All that should be output is the block of lines below from the line with "If you're on" to the line with "Okay, in my", both included, exactly as written.

Data records
= Beginning of Section =

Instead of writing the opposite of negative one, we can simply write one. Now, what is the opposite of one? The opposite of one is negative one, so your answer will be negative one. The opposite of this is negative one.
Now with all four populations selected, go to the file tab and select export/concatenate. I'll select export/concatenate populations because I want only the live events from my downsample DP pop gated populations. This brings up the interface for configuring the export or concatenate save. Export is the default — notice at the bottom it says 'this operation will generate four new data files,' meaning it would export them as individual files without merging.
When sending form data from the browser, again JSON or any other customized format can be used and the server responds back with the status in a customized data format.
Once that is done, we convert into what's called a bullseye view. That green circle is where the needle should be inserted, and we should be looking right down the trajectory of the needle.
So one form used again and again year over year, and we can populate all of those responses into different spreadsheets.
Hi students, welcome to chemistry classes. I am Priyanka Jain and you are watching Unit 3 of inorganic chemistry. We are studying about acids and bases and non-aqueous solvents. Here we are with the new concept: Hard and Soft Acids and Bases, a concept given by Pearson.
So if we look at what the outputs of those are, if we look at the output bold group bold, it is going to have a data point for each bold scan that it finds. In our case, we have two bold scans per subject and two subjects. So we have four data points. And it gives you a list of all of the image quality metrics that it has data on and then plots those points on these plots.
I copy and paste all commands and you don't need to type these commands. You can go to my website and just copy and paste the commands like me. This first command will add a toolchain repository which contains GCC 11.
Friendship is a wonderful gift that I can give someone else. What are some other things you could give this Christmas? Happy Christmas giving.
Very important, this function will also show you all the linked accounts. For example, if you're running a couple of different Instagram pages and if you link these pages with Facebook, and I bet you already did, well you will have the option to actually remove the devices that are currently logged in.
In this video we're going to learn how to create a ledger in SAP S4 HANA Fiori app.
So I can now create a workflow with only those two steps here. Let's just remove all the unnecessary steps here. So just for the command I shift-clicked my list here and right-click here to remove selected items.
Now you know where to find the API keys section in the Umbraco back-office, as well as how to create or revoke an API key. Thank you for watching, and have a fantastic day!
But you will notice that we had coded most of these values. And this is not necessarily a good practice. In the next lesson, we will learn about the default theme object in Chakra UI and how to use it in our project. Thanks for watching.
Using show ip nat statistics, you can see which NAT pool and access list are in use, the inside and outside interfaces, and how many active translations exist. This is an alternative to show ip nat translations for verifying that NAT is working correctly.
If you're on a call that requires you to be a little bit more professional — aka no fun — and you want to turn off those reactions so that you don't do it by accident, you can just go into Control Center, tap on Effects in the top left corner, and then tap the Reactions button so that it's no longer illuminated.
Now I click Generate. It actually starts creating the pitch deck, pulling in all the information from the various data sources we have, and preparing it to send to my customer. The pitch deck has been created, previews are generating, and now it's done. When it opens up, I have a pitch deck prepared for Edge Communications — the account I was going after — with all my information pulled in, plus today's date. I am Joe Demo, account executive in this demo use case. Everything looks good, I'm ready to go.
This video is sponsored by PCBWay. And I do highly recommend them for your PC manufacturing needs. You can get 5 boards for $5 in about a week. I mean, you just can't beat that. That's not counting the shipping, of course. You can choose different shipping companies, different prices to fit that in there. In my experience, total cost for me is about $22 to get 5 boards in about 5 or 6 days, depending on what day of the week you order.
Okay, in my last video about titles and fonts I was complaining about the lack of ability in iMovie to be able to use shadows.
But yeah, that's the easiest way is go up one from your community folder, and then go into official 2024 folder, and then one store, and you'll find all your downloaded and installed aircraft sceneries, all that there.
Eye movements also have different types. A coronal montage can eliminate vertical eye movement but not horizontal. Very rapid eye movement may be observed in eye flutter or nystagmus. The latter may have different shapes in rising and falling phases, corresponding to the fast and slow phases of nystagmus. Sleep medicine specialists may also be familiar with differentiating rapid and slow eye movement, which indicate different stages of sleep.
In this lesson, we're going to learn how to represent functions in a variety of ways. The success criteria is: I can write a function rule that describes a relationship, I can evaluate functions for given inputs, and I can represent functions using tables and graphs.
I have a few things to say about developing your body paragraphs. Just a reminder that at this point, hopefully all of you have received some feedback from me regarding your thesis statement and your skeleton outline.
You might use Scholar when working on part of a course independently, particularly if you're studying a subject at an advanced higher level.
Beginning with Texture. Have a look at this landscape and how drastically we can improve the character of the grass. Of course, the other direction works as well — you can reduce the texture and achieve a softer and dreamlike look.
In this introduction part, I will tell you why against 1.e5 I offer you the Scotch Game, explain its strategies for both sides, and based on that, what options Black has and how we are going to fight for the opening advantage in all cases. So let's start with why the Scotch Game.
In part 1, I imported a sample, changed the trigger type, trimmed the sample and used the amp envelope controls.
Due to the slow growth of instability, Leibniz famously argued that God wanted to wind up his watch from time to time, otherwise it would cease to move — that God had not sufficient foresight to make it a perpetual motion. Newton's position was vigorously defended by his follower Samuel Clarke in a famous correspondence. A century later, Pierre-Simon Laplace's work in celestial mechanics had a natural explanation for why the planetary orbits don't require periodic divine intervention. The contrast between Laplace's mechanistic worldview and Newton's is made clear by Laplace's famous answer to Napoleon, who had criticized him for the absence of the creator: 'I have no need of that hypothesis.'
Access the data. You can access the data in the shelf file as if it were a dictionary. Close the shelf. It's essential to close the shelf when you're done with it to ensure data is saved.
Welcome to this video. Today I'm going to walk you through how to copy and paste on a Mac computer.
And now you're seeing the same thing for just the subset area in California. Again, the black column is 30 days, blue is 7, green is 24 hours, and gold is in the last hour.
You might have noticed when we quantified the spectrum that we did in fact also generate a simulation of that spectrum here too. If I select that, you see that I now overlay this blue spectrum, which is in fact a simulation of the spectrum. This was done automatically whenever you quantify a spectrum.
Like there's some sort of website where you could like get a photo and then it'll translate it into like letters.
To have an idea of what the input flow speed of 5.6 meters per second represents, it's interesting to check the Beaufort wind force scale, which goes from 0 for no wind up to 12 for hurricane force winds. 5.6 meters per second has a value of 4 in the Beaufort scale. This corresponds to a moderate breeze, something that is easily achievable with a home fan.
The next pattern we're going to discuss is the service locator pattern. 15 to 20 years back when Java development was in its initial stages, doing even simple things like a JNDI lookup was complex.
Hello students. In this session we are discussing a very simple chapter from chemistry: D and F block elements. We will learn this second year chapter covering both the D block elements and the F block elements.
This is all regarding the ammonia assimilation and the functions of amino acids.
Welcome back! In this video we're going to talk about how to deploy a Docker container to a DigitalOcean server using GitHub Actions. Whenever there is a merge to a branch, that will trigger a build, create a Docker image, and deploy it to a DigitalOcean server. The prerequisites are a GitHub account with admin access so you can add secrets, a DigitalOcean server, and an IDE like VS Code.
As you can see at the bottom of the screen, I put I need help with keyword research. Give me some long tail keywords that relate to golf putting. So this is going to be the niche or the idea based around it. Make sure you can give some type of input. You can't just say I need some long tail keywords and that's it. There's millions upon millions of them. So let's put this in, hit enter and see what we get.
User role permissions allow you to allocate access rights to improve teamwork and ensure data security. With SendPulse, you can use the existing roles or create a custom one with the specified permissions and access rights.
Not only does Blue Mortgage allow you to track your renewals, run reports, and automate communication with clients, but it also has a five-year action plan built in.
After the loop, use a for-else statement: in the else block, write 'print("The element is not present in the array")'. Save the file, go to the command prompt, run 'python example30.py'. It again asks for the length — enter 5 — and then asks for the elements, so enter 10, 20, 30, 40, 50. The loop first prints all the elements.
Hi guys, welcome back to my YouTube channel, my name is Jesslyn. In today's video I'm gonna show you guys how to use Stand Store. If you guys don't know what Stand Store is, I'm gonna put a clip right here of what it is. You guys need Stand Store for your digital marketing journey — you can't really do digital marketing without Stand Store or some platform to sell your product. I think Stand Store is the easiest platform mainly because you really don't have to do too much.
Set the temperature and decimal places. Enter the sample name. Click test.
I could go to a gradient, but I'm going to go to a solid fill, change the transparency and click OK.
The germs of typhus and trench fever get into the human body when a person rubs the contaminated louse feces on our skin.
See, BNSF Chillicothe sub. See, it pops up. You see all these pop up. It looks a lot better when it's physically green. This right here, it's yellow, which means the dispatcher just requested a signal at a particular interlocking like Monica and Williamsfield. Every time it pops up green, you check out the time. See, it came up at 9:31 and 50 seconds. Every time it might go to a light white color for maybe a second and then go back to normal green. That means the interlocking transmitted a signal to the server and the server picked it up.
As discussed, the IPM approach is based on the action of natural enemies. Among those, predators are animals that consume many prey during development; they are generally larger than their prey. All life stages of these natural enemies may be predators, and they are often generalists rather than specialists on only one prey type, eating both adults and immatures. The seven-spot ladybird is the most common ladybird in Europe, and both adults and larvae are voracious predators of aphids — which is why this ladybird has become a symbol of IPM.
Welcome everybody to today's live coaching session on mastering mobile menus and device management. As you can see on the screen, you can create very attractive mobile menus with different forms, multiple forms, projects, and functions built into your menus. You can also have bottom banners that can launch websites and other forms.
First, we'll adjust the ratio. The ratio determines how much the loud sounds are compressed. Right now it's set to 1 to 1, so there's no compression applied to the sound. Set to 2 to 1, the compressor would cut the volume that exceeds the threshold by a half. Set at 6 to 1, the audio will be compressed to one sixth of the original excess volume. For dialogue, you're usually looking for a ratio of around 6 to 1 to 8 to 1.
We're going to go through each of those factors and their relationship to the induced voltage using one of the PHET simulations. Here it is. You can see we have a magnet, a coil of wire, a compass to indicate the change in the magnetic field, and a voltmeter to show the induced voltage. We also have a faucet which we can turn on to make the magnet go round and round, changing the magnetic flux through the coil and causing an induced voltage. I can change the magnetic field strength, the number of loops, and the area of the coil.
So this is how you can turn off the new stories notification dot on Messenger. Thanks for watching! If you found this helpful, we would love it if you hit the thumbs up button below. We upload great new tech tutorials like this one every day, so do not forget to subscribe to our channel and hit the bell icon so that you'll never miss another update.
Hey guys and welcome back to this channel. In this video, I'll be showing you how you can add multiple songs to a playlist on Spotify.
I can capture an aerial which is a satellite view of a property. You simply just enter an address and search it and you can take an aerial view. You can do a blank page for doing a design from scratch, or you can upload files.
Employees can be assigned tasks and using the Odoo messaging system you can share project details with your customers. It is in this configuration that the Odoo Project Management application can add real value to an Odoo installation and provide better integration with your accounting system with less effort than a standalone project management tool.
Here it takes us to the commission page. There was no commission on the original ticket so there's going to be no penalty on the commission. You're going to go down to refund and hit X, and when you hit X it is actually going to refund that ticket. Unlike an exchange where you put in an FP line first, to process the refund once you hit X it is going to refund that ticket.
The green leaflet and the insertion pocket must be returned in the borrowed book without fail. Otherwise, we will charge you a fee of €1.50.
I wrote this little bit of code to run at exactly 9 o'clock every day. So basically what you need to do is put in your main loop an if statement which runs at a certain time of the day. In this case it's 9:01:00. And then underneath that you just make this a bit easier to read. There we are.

= End of Section =

> **EXERCISE RESPONSE**
If you're on a call that requires you to be a little bit more professional — aka no fun — and you want to turn off those reactions so that you don't do it by accident, you can just go into Control Center, tap on Effects in the top left corner, and then tap the Reactions button so that it's no longer illuminated.
Now I click Generate. It actually starts creating the pitch deck, pulling in all the information from the various data sources we have, and preparing it to send to my customer. The pitch deck has been created, previews are generating, and now it's done. When it opens up, I have a pitch deck prepared for Edge Communications — the account I was going after — with all my information pulled in, plus today's date. I am Joe Demo, account executive in this demo use case. Everything looks good, I'm ready to go.
This video is sponsored by PCBWay. And I do highly recommend them for your PC manufacturing needs. You can get 5 boards for $5 in about a week. I mean, you just can't beat that. That's not counting the shipping, of course. You can choose different shipping companies, different prices to fit that in there. In my experience, total cost for me is about $22 to get 5 boards in about 5 or 6 days, depending on what day of the week you order.
Okay, in my last video about titles and fonts I was complaining about the lack of ability in iMovie to be able to use shadows.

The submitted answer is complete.